With sound bytes like "I have a lot of boyfriends. Every country I visit, I have a different boyfriend. And I kiss them all" and "I'm like an expensive menu. You can look, but you can't afford!" Kournikova has single-handedly nullified any progress made by women's sports to portray its participants as strong, independent figures and suitable role-models for girls trained on Barbie and Tiger Beat. The Williams sisters are forgotten completely, overshadowed by Kournikova, the one-trick pony, the hardcourt sex goddess with the perfect body, a brain of brass, and a game of absolute trash.
Just do it
Five years ago, when Tiger Woods won the Masters by two touchdowns, I said that he would kill tennis. In between games of Mario Kart, a sixteen year-old me commented on the future of the so-called "country club" sports, predicting golf would overtake tennis, led by its swoosh-adorned toothy savior. Today, tennis lies lifeless while golf thrives in both spectatorship and practice. It's not just for corny dads and blue-hairs anymore.
This year, the US Golf Open was held at Bethpage State Park in New York; the first time the tournament had been held at a public golf course, and the first time it had been held within 20 miles of the Apple in 10 years. I had the privilege of attending the third round of the tournament, and was surprised by what I saw.
The crowd surrounding Tiger Woods was absolutely unmanageable, fifteen or more rows deep on every hole, the crowds huddled on the natural amphitheatre of the seventeenth hole, orgasming collectively at anything within 20 feet of the cup. In total, 200,000 people saw some piece of Tiger's Open victory this year over the course of four days. That's 50,000 per day. This is a golf tournament, people. A golf tournament. Seven years ago, these things were so empty you could get close enough to pick out the tuna melt scraps in John Daly's mustache.
While golf's popularity has increased dramatically since Woods turned professional, tennis has been the victim of a steady decline. Just like emo killed ska, golf killed tennis, stealing an oversized hunk of the game's fickle audience and tucking them neatly in the golf bag of Eldrick Tiger Woods. Ask a kid who he wants to be when he grows up. Tiger Woods is on the list.

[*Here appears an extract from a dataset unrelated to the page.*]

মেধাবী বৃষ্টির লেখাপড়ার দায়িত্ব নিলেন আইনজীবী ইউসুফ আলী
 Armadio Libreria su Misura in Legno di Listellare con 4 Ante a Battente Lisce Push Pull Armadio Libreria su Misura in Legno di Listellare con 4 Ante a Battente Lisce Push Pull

And really, what kid doesn't want to be Tiger Woods? Win after win. Constant attention from fans, celebrities, and media. The Sunday red shirt and black pants. A Nike "I am Juan Carlos Ferrero" campaign just doesn't cut it. Tiger Woods is the man, and every kid discovering sports wants to be the man. Michael Jordan was the man. It's Tiger now. Rackets are quickly traded in for five irons, school and community golf programs spring up all over the country, and tennis pays the price.
In an age of extreme games, juiced balls, and obligatory rap albums, tennis is forced to stand idly by and watch its audience shrink and its number of participants dwindle. Sure, tennis's most devoted fans will always return to the game they love, and high school boys will always love Anna Kournikova as much as white people love Bon Jovi. But, when Agassi and Sampras are gone, the grand fanfare of their exit will leave behind a colorless, faceless mass of nets and lets and fault lines, a game mired in its autumn years, unsparked by the excitement of authentic sports drama and untouched by the grace of a hero.
David Zaretsky, B'03 has ice water in his veins.